See Correction of Input Data by Principal Component Analysis for more information on other options in this dialog.

Select the Run button to perform the analysis.

When the analysis is complete, a message indicating the number of components found and the number of predictors analyzed will be appended to the Node Change Log for each output spreadsheet. All spreadsheets selected for output will be opened.

Spreadsheet Outputs

The possible output spreadsheets are as follows:

  • The corrected input data. (Recall that genotypic data is first converted to numeric data by the selected genetic model.)
  • The principal components spreadsheet with rows according to the sample and columns according to the component. These components will be sorted by eigenvalue, large to small. Only the number of components requested will be shown.
  • The eigenvalue spreadsheet will simply show the eigenvalues from greatest to smallest (of the number of components requested).
  • If recomputing components after removal of outliers was selected, and outliers were found, then a spreadsheet will be created to list these outliers as well as the iteration and component in which they were found.

Note

  1. If you wish to plot any outputs (such as the one column in the eigenvalue spreadsheet) select Plot Numeric Values from the Plot menu. The column of data will be plotted against the row labels or eigenvalue number.
  2. If you wish to plot a principal component eigenvector against another eigenvector, select XY Scatter Plots from the Plot menu. See Multi-Color Scatter Plots for PCA or Gender Analysis or N by N Scatter Plots for more information.

Correcting for Stratification by Genomic Control

This somewhat older method, pioneered by Devlin and Roeder [DevlinAndRoeder1999], notes that the chi-squared distribution of statistics from association tests being confounded by stratification will be more “spread out” than they should be. The result is a higher median than the median of a true chi-square distribution. Several models exist for how much the distribution should be spread out, depending on the test type, but the distribution will usually be uniformly spread out by a certain “inflation factor” \lambda.

This technique of Genomic Control measures this “inflation factor” \lambda by taking the median of the distribution of the chi-square statistic from results of an actual test done over a set of markers from the study in question, and dividing this median by the median of the corresponding (ideal) chi-square distribution. If the result is less than one, the distribution is considered close enough to ideal and \lambda is taken to be one.

Then, Genomic Control applies its correction by dividing the actual association test chi-square statistic results by this \lambda, thus possibly making these results appropriately more pessimistic.

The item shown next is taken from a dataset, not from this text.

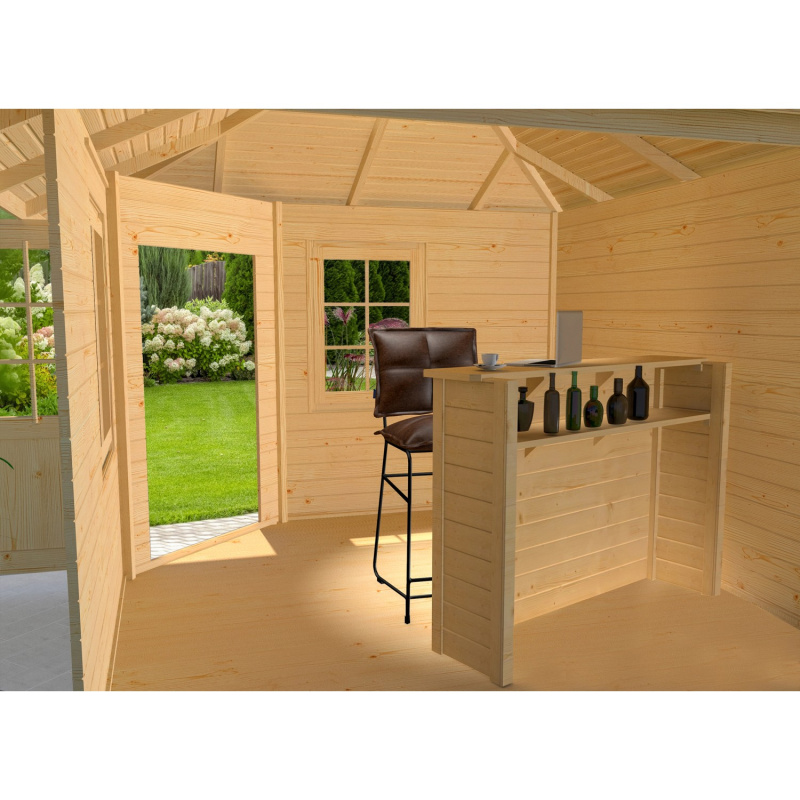Weka Barový pult pro zahradní domky, přírodní, 160 x 45 x 115,6 cm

Two approaches exist for this:

  • Measure the “inflation factor” \lambda over a set of markers designed to indicate population stratification. Then, use this \lambda on the actual association test (presumably done for just a few candidate markers). (For studies over a small number of markers.)
  • Measure the “inflation factor” \lambda over the actual association tests being done. Then afterward, use this \lambda on all chi-square results so obtained. (For whole-genome scans or a large number of markers.)

Both of these approaches are available in SVS, through the Genotype > Genotype Association Tests dialog in the Analysis menu.

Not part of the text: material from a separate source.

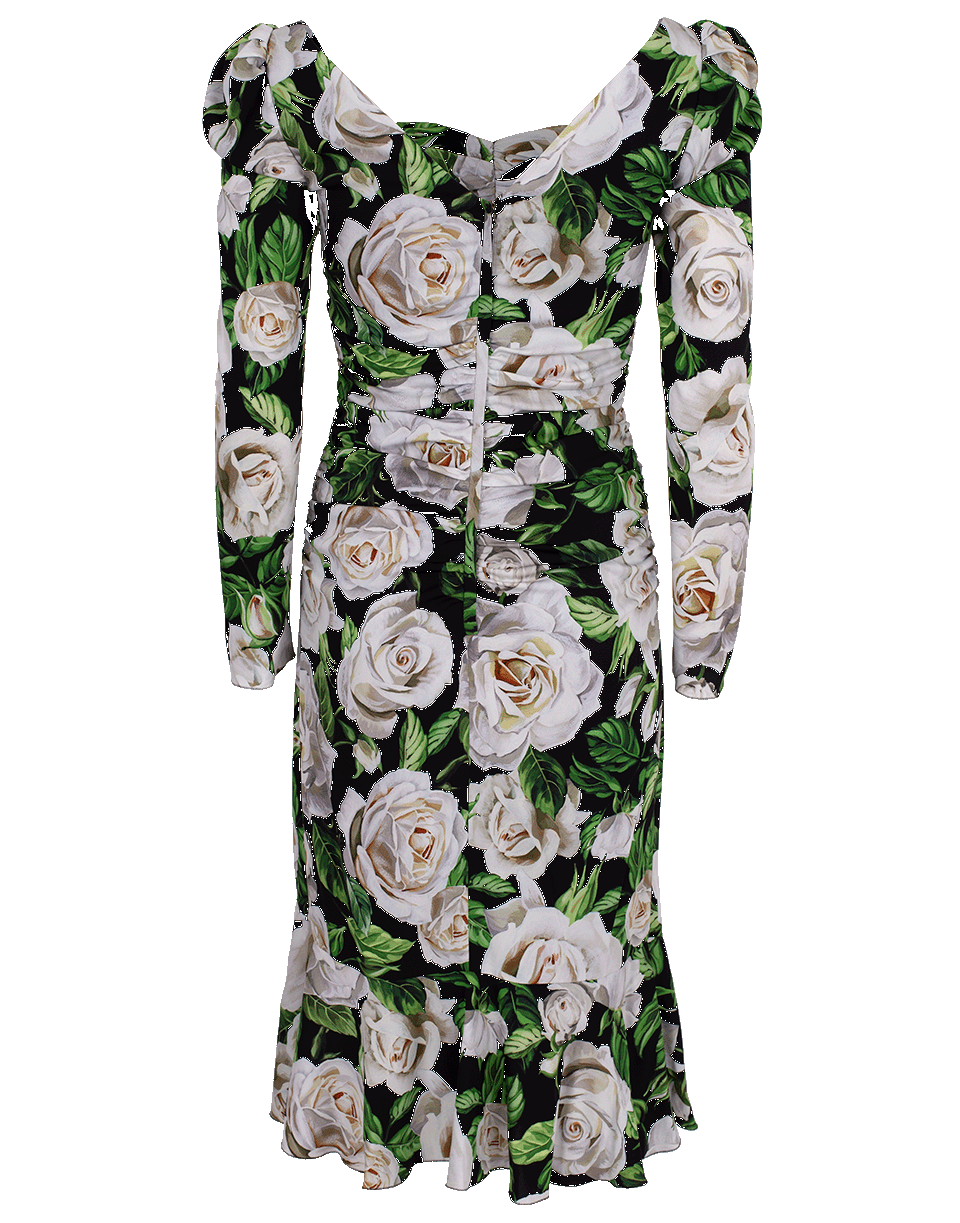 DOLCE & GABBANA-Rose Print Bustier Charmeuse Dress-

From the Genotype Association Tests dialog, select Show Inflation Factor (Lambda), Chi-Squares, and Corrected Values to find inflation factors (\lambda) and the results of applying the Genomic Control technique on chi-squares, p-values, Bonferroni-adjusted p-values, and False Discovery Rates.

Note

The inflation factor will be displayed in the Node Change Log for the Association Results spreadsheet.

From the Genotype Association Tests dialog, select Correct Using This Inflation Factor (Lambda) Instead: and enter a \lambda value to use as an “inflation factor” that was determined from a previous association test run or from other data previously analyzed.

Note

The inflation factor relates to the chi-square statistic. After a chi-square statistic has been corrected through Genomic Control, the normal procedure for finding the approximate p-value is still followed. If there had been “inflation”, the Genomic Control-corrected p-value will be pushed closer to one.